TASK INPUTS:
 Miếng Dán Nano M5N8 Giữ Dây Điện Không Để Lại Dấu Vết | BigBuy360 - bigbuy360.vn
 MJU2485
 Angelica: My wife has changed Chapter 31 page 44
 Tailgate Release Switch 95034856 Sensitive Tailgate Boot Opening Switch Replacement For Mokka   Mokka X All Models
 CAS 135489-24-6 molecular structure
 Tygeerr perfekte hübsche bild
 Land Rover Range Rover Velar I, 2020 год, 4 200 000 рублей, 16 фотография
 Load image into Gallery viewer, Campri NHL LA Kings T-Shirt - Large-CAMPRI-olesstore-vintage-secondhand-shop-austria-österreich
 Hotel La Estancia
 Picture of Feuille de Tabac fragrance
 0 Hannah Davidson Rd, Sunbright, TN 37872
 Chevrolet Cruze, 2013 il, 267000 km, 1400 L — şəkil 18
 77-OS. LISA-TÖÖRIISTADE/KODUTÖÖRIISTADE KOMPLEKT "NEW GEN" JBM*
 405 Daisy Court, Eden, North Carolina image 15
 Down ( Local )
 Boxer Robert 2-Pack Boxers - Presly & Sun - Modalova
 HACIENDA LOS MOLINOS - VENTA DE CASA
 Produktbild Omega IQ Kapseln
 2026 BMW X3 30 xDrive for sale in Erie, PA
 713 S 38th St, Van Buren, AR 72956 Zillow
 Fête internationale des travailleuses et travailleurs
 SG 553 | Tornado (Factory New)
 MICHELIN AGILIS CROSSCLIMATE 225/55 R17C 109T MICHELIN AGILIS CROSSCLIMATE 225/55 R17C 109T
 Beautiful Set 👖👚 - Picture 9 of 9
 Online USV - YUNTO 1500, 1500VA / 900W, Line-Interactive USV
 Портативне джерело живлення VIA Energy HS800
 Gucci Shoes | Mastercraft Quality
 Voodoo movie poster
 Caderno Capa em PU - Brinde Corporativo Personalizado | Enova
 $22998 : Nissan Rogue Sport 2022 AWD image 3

PROBLEM STATEMENT: Which of the lines in the data contain the string "Picture"? Return each one.

OUTPUT FOR THIS EXERCISE:
 Picture of Feuille de Tabac fragrance
 Beautiful Set 👖👚 - Picture 9 of 9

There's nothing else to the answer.